Inappropriate transport policy

Visualization of narrower problems
Name(s): 
Inappropriate transportation models
Nature 

Governmental policies are failing to keep pace with the growth in traffic which is adding to the problems of air pollution, climate change, noise, congestion and biodiversity/habitat loss.

Incidence 

The majority of Third World people get around on foot. In African countries like Kenya, more than 90% of rural trips are made on foot; less than three percent by car or bus. Cars are owned almost exclusively by businessmen, bureaucrats and foreigners. However, the World Bank, for example, spends $100 million on urban transport every year; most of that is car-related. Of the $2.1 billion spent in 1985 on transport, miniscule amounts were spent on non-motorized vehicles. The long-term effect of World Bank programmes has been to encourage transport systems which are both capital and energy intensive.

Claim 

More cyclists and pedestrians are affected by unsafe roads and more passengers by poor public transport than are concerned as drivers by traffic congestion or parking problems. Yet very little research has been carried out on the transport used by the poor. According to an Indian critic: "our research programmes do not have even a remote relationship with the problems of poor people and rural areas of India.
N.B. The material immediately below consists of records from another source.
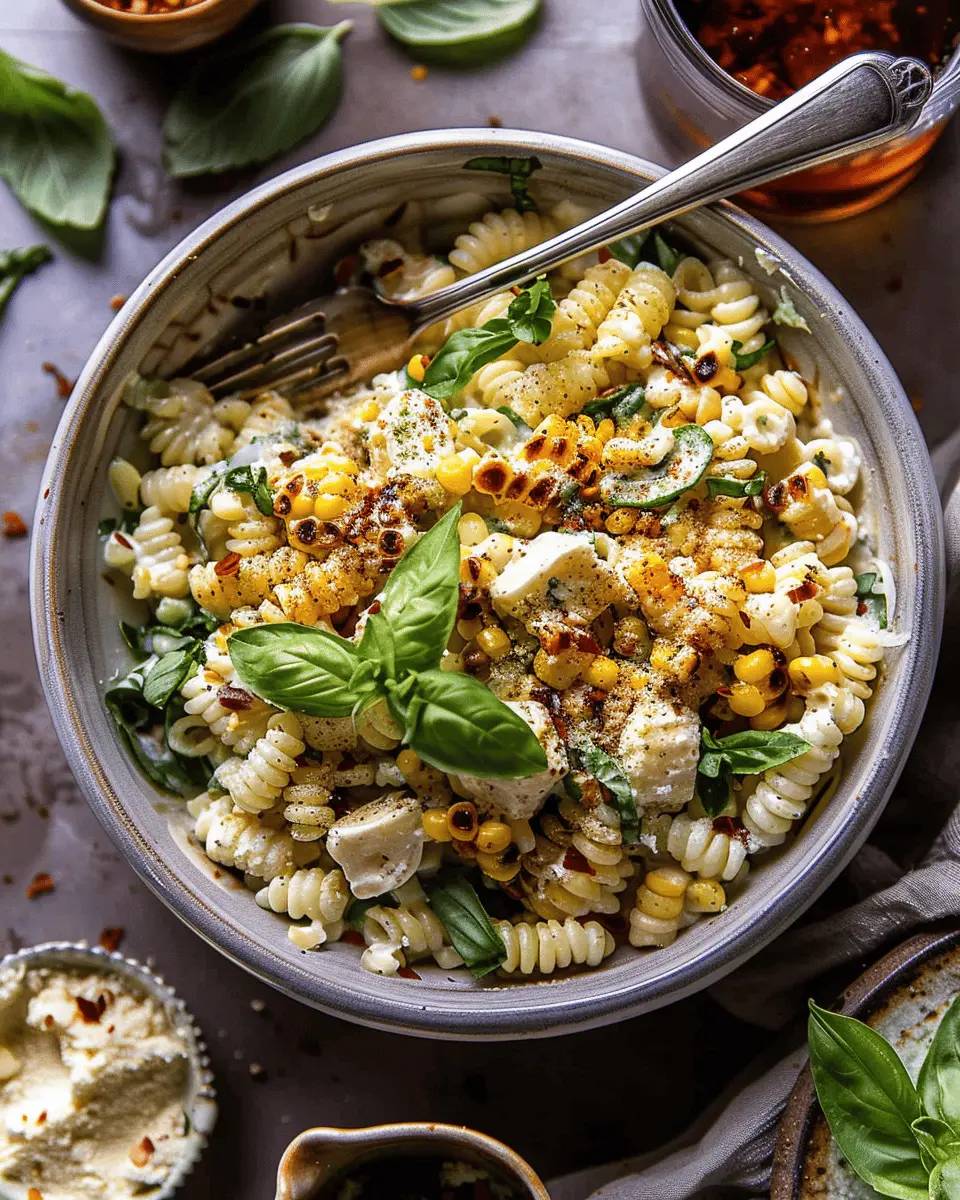 Creamy Street Corn Pasta Salad with Turkey Bacon and Chicken Ham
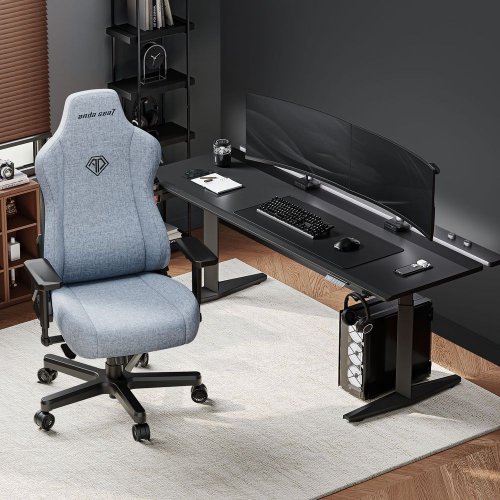 Игровое кресло Anda Seat Kaiser 3E XL Fabric (AD23YC-XL-09-T-CF-T01) Gray Blue купить в Украине: Киев, Днепр, Харьков, Одесса  | Низкая цена, отзывы, характеристики от TELEMART фото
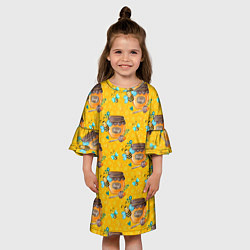 Платье клеш для девочки Мед и пчелы, цвет: 3D-принт — фото 2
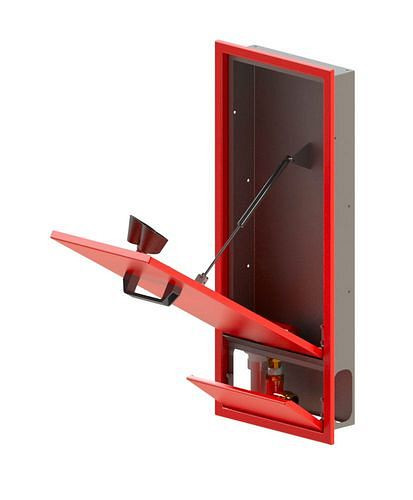B-SAFETY oogdouche in wandbehuizing, met geïntegreerde zelflozende, rood, inbouwwandmontage, DVGW, 306258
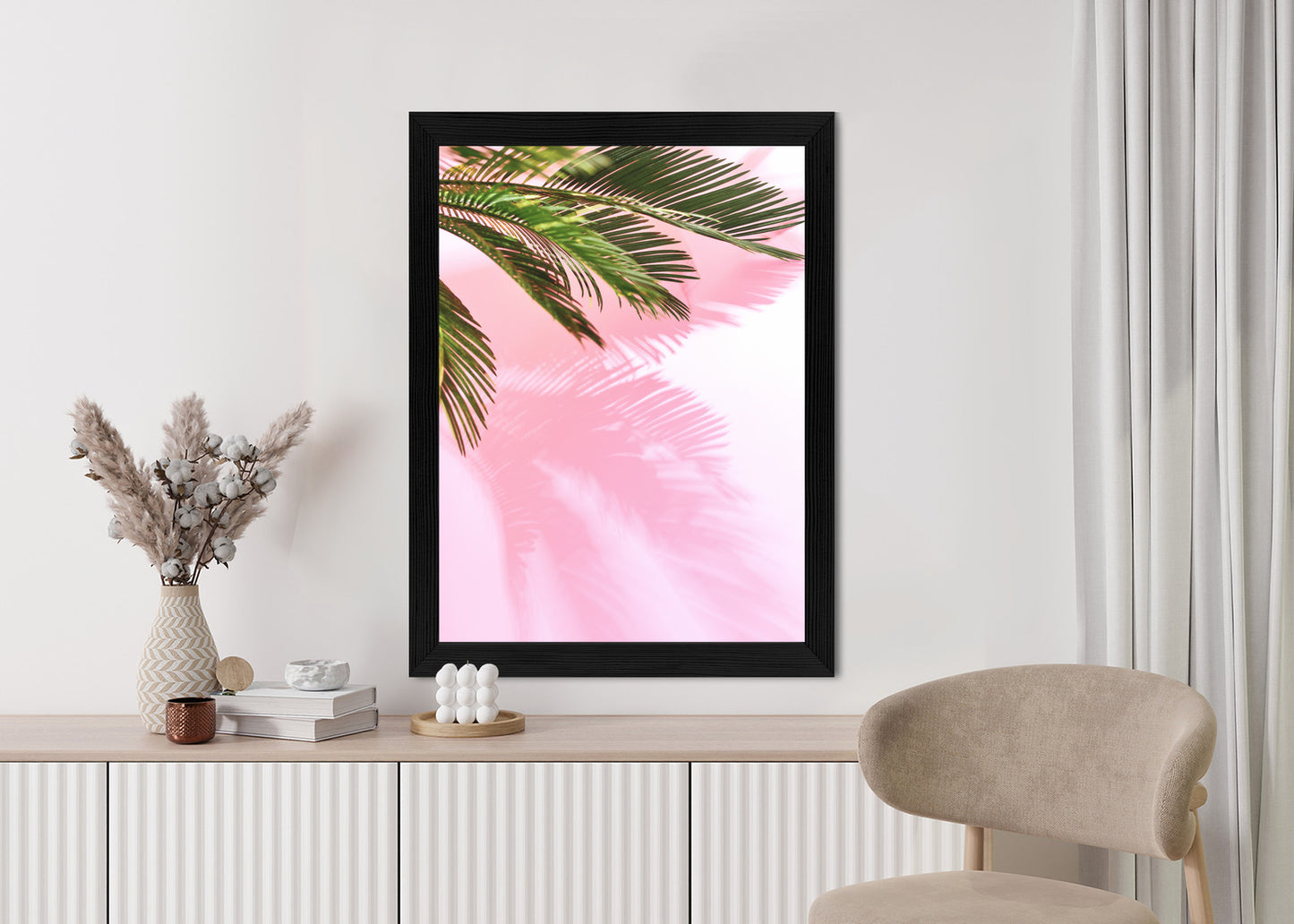 Poster Sommerpalme Vor Einer Rosa Wand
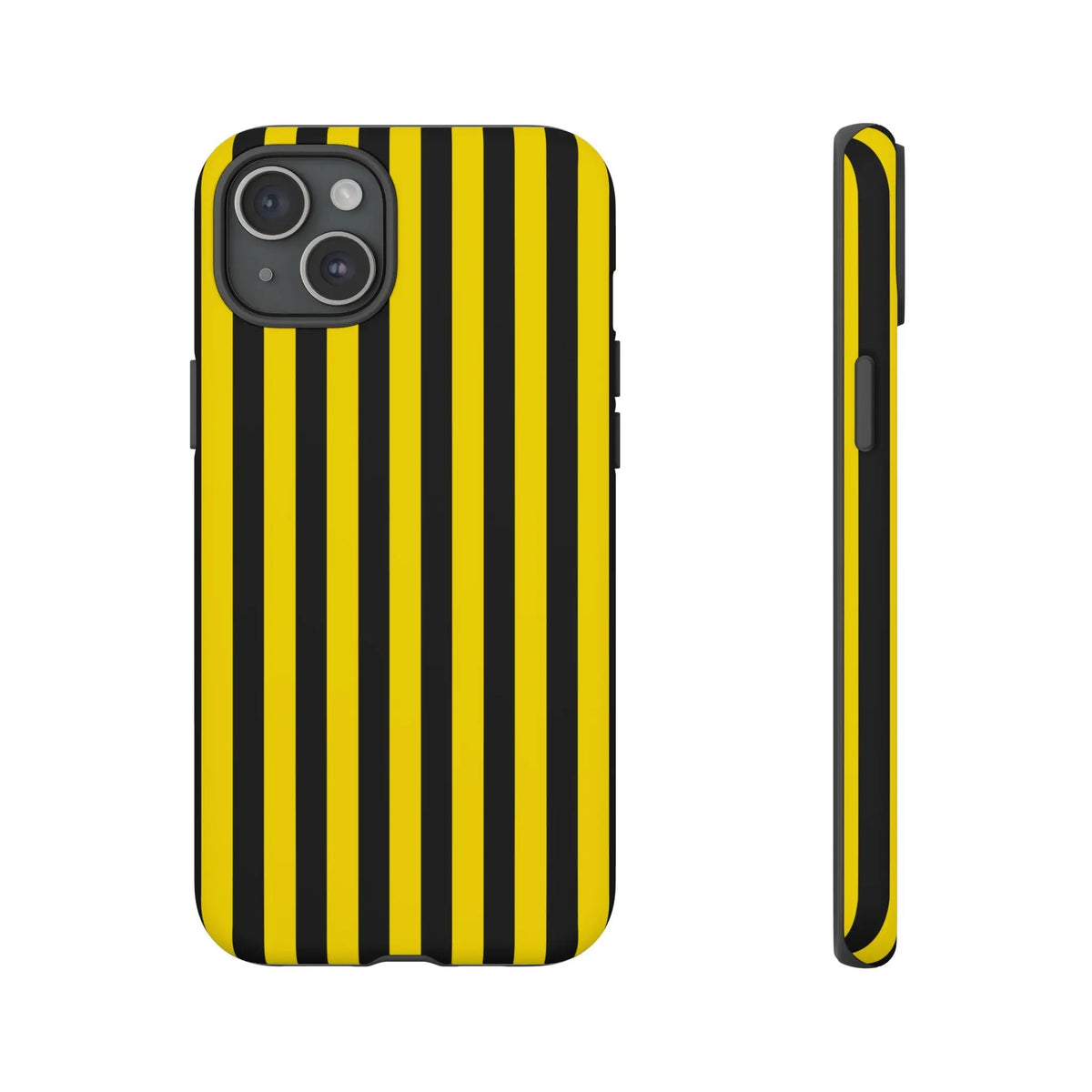 Back side of a vibrant yellow and black stripe tough case phone case with sleek protective design for multiple phones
We consider research on aeroplanes, aerospace and automobiles as a real science, whereas research on Indian modes of transport like bullock-carts, horse-carts and rickshaws is considered substandard and below dignity". Aid agencies and development banks can have a real influence on transport policies.

Transport choices do not arise out of the free interplay of market forces. The existing systems of political power strongly influence investments in roads, bridges, expressways and oil refineries. Decisions on transport policy are usually in the hands of technocrats -- engineers and economists, often Western educated, who are wealthy enough to own cars. They are backed by urban elites who profit from oil import deals, car dealerships or construction contracts. Their decisions about what kind of roads will be built, and where, are based on economic pressure or military security. The dream of an automotive society can never be a democratic dream.